[PROBLEM TO WORK ON]
The expected output is an exact copy of the lines from the one containing "Alpinestars A-Dura Pants" to the final line below, minus any pictures.

=== Section Start ===

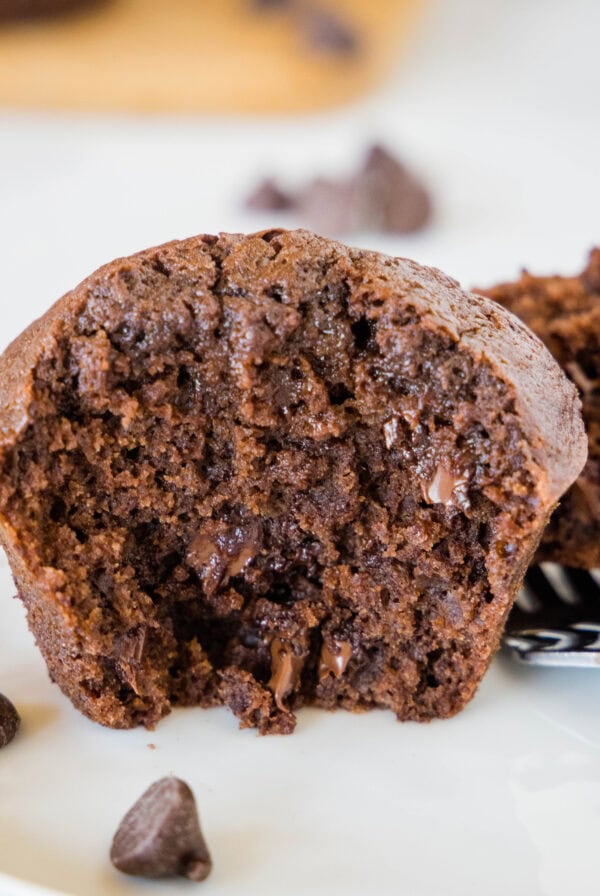 close up brownie muffin cut in half on a plate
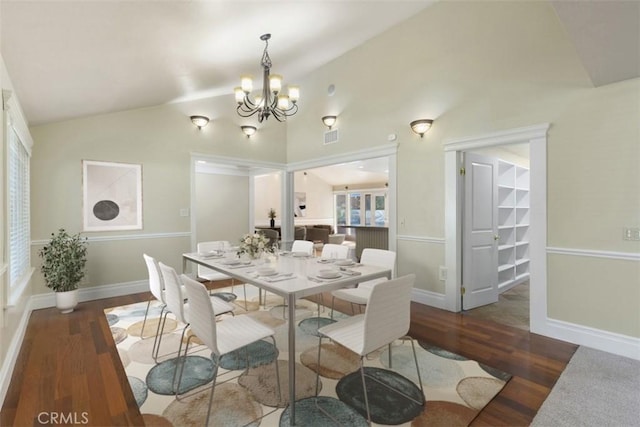 dining room with vaulted ceiling, a notable chandelier, and dark hardwood / wood-style flooring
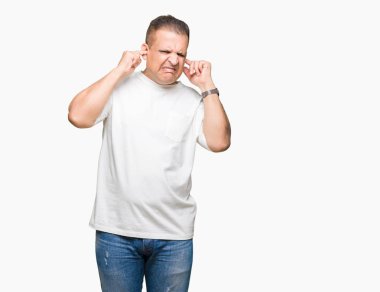 Orta yaş Arap adam wearig t-shirt kulakları ile yüksek sesle müzik gürültü rahatsız ifade parmaklarıyla kapsayan izole arka plan üzerinde beyaz. Sağır kavramı.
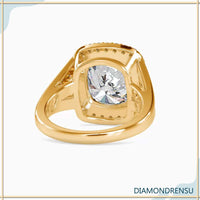 Cushion cut halo diamond ring featuring a split shank engagement ring design.
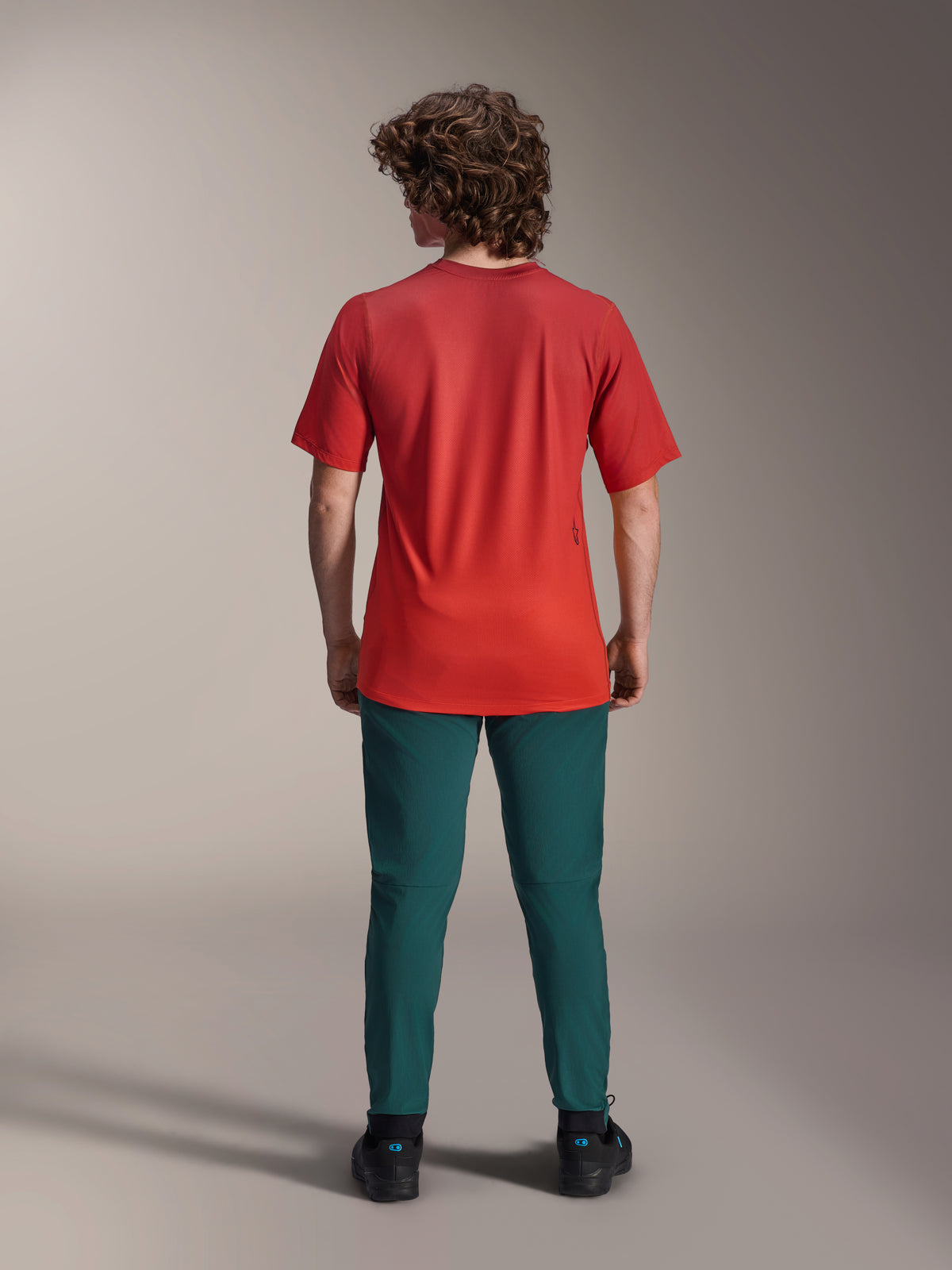 Alpinestars A-Dura Pants in Dark Pine green, mountain bike trousers worn with a red short-sleeve jersey, back view, athletic fit for off-road cycling.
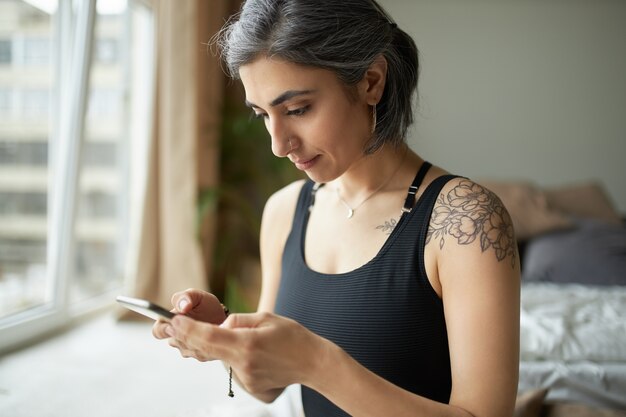 Linda garota esportiva com cabelo grisalho prematuro, tatuagem no ombro e piercing no nariz, sentada dentro de casa com um telefone celular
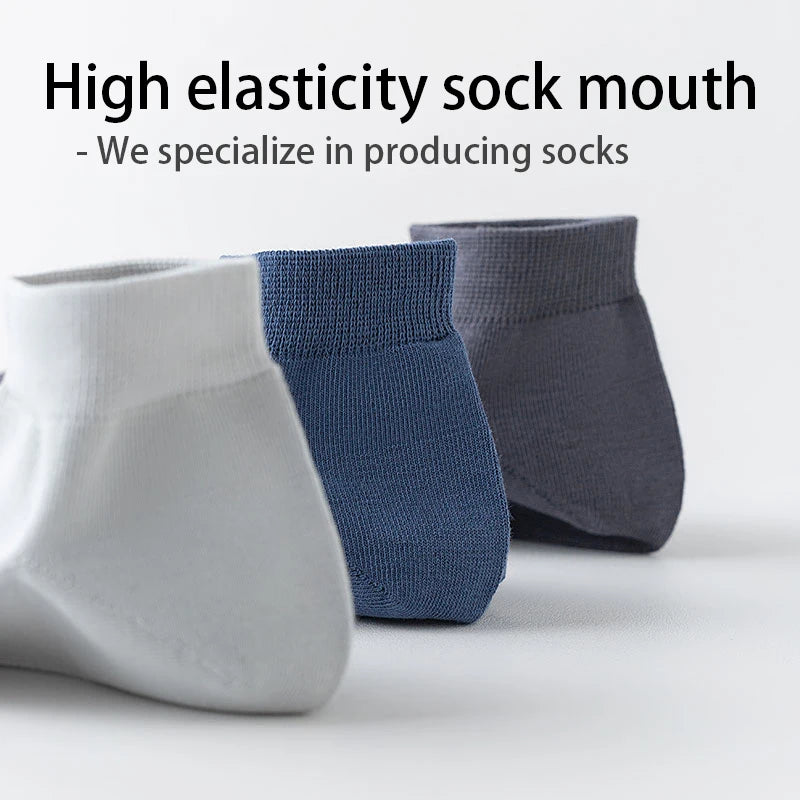 A close-up of three pairs of high elasticity sock mouths in white, blue, and gray fabric.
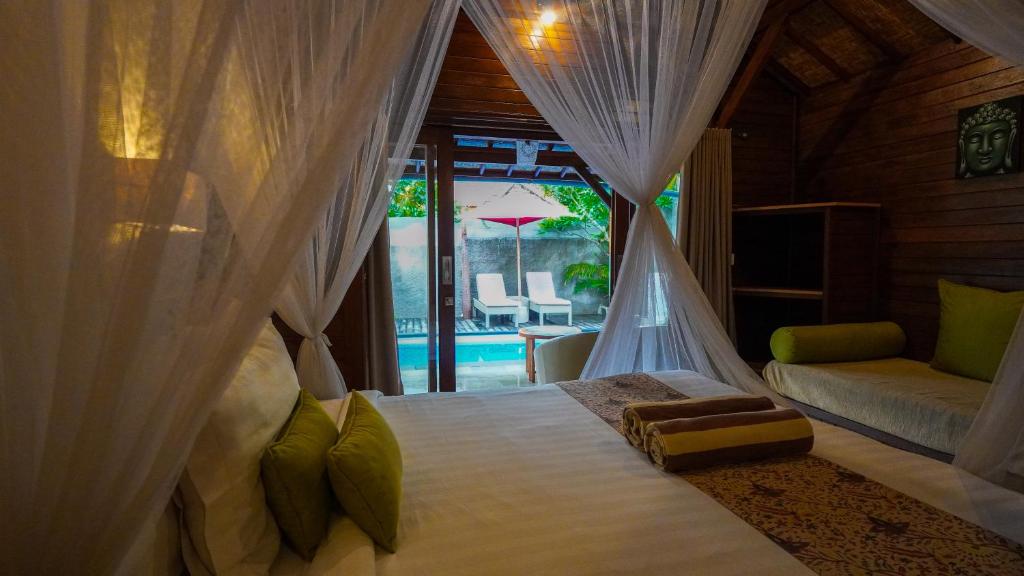 a bedroom with a bed with a mosquito net at Darsan Lembongan Boutique Cottage in Nusa Lembongan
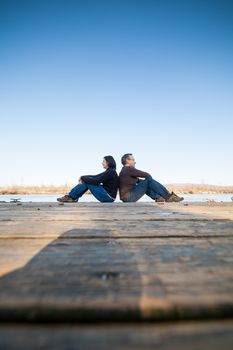 Couple sitting on a wooden deck besides a lake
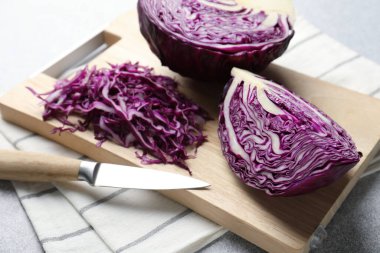 Cut fresh red cabbage and knife on light table, closeup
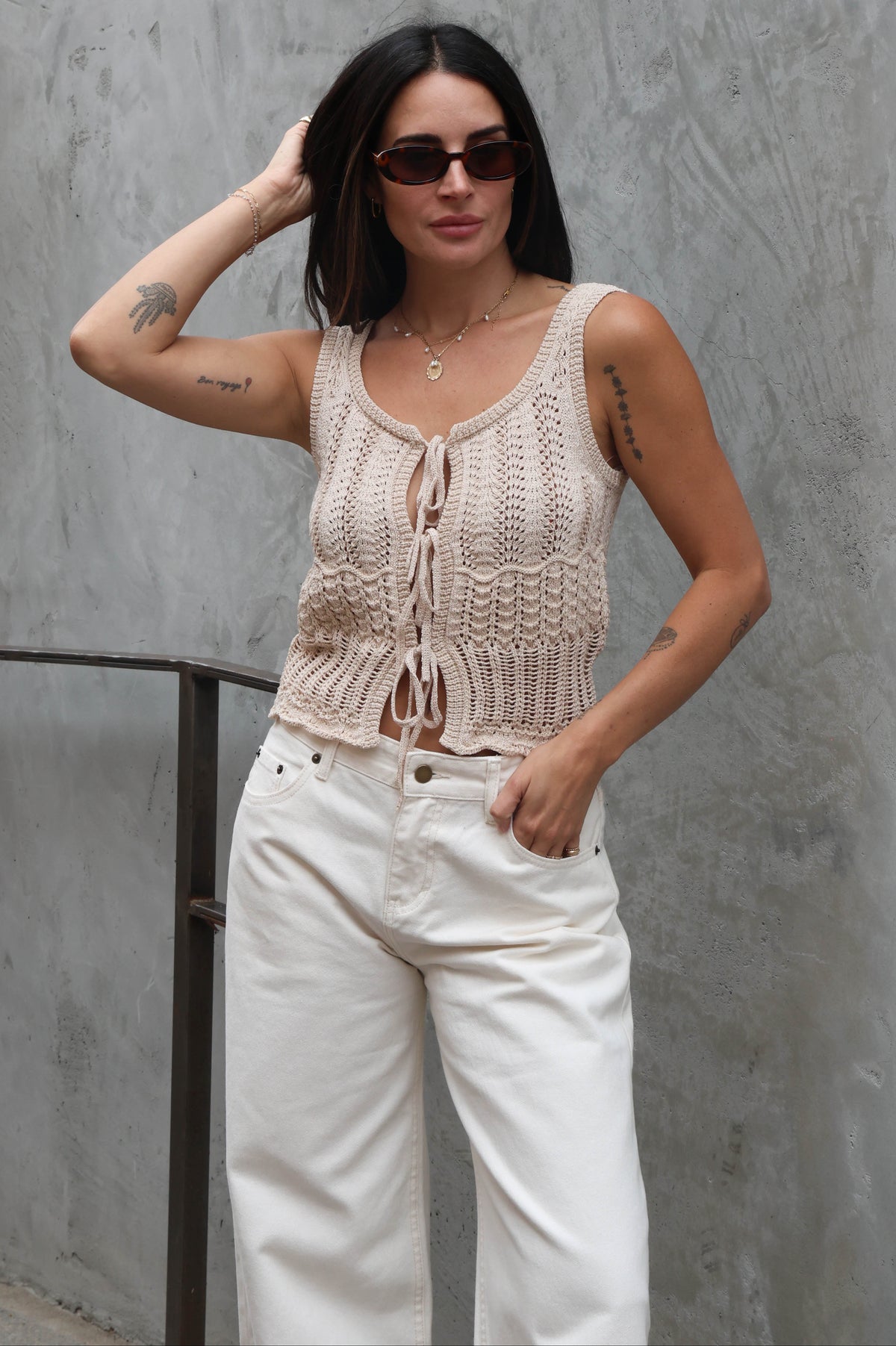 Woman wearing a beige knitted tank top and white pants against a gray wall.
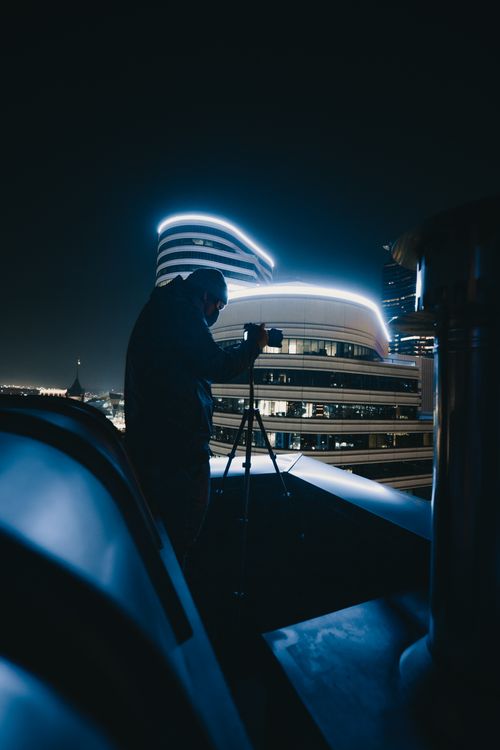 Free Silhouette of a photographer with a tripod shooting city lights at night. Stock Photo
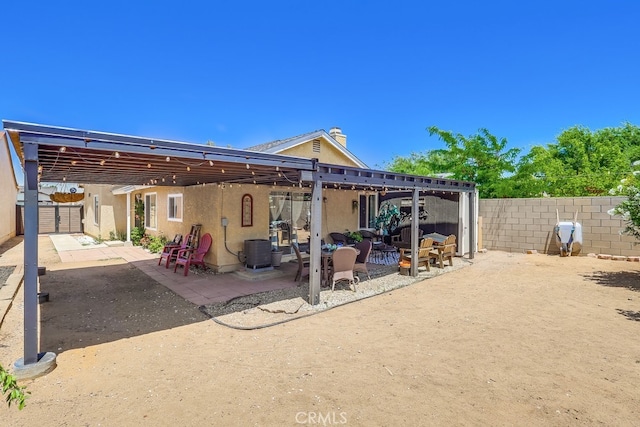 2846 Nandina Dr, Palmdale, CA 93550 - rear view of property featuring a patio, stucco siding, and a fenced backyard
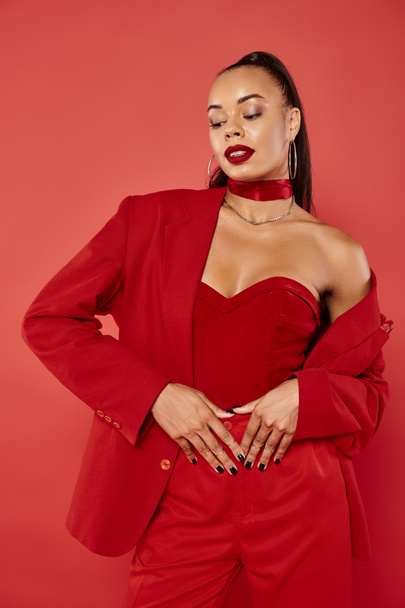 attractive african american woman with ponytail and straight hair posing in suit on red background - Photo, Image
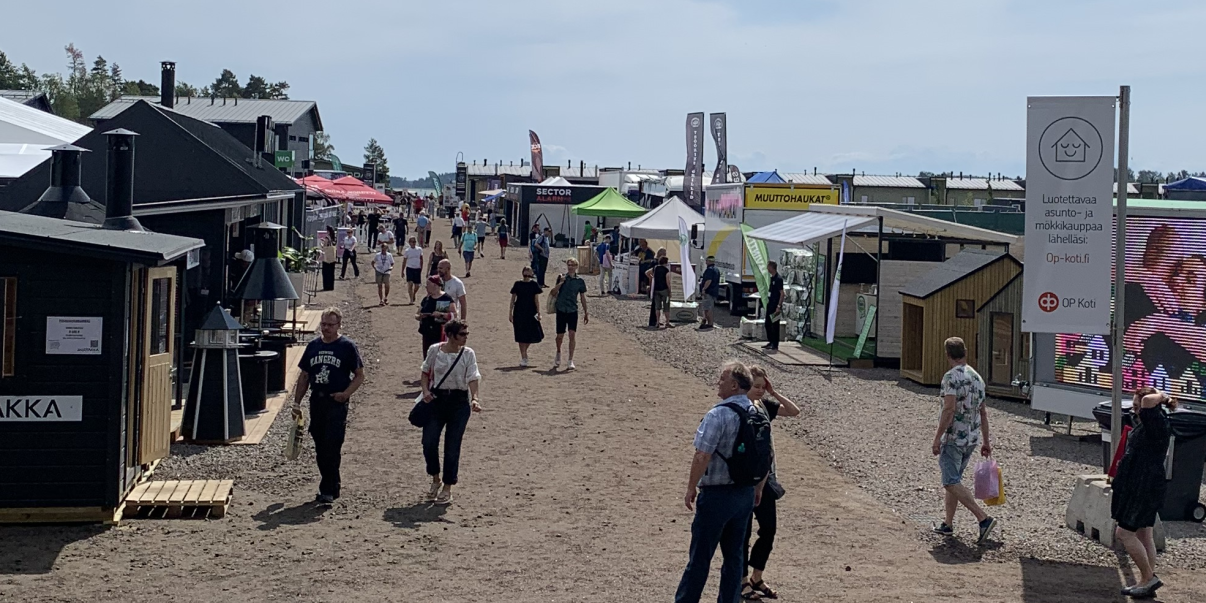 Kuvassa näkyy taivasta ja nurmialuetta sekä esittelykojuja ja ihmisiä soratien varrella.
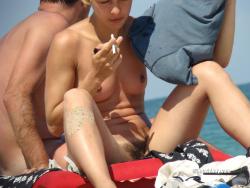 Nudist girl smoke on the beach 8/50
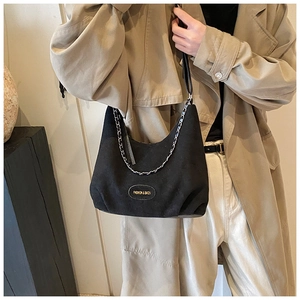 Détail du sac sous le bras croissant en daim noir avec chaîne et écusson mode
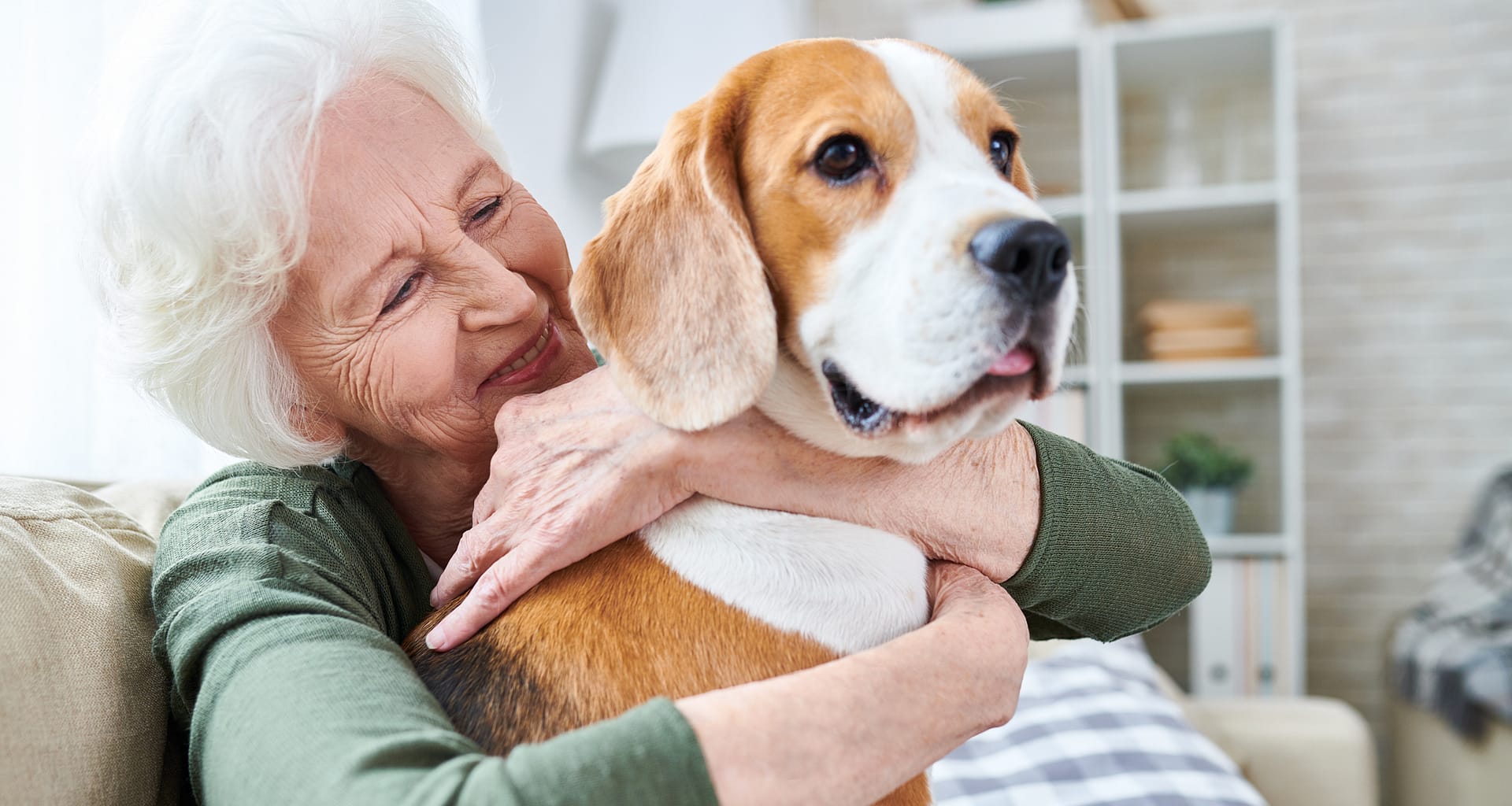 happy granny loving her dog in retirement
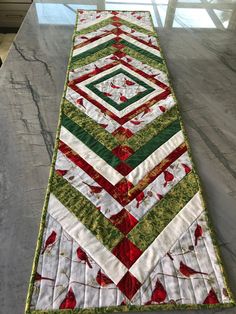 a long table runner with red, green and white quilted designs on the edge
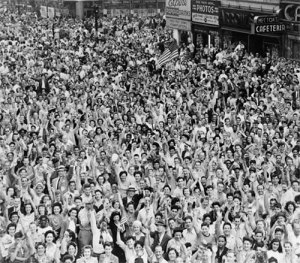 On V-J Day, American flags dot a jubilant crowd in Times Square, New York City. (Library of Congress)
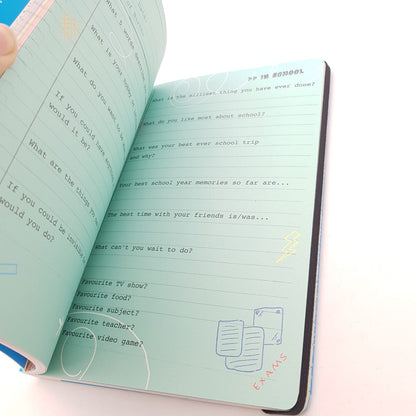 All About Everybody birthday memory book bundle open to school-themed prompts with pastel green pages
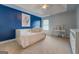 Spacious bedroom features a blue accent wall, carpet, and a built-in bed at 312 Relative Trl, Mcdonough, GA 30253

=== Section End ===

[OUTPUT]
 Alpinestars A-Dura Pants in Dark Pine green, mountain bike trousers worn with a red short-sleeve jersey, back view, athletic fit for off-road cycling.
 Linda garota esportiva com cabelo grisalho prematuro, tatuagem no ombro e piercing no nariz, sentada dentro de casa com um telefone celular
 A close-up of three pairs of high elasticity sock mouths in white, blue, and gray fabric.
 a bedroom with a bed with a mosquito net at Darsan Lembongan Boutique Cottage in Nusa Lembongan
 Couple sitting on a wooden deck besides a lake
 Cut fresh red cabbage and knife on light table, closeup
 Woman wearing a beige knitted tank top and white pants against a gray wall.
 Free Silhouette of a photographer with a tripod shooting city lights at night. Stock Photo
 2846 Nandina Dr, Palmdale, CA 93550 - rear view of property featuring a patio, stucco siding, and a fenced backyard
 attractive african american woman with ponytail and straight hair posing in suit on red background - Photo, Image
 Kuvassa näkyy taivasta ja nurmialuetta sekä esittelykojuja ja ihmisiä soratien varrella.
 Nudist girl smoke on the beach 8/50
 Détail du sac sous le bras croissant en daim noir avec chaîne et écusson mode
 happy granny loving her dog in retirement
 a long table runner with red, green and white quilted designs on the edge
 On V-J Day, American flags dot a jubilant crowd in Times Square, New York City. (Library of Congress)
 All About Everybody birthday memory book bundle open to school-themed prompts with pastel green pages
 Spacious bedroom features a blue accent wall, carpet, and a built-in bed at 312 Relative Trl, Mcdonough, GA 30253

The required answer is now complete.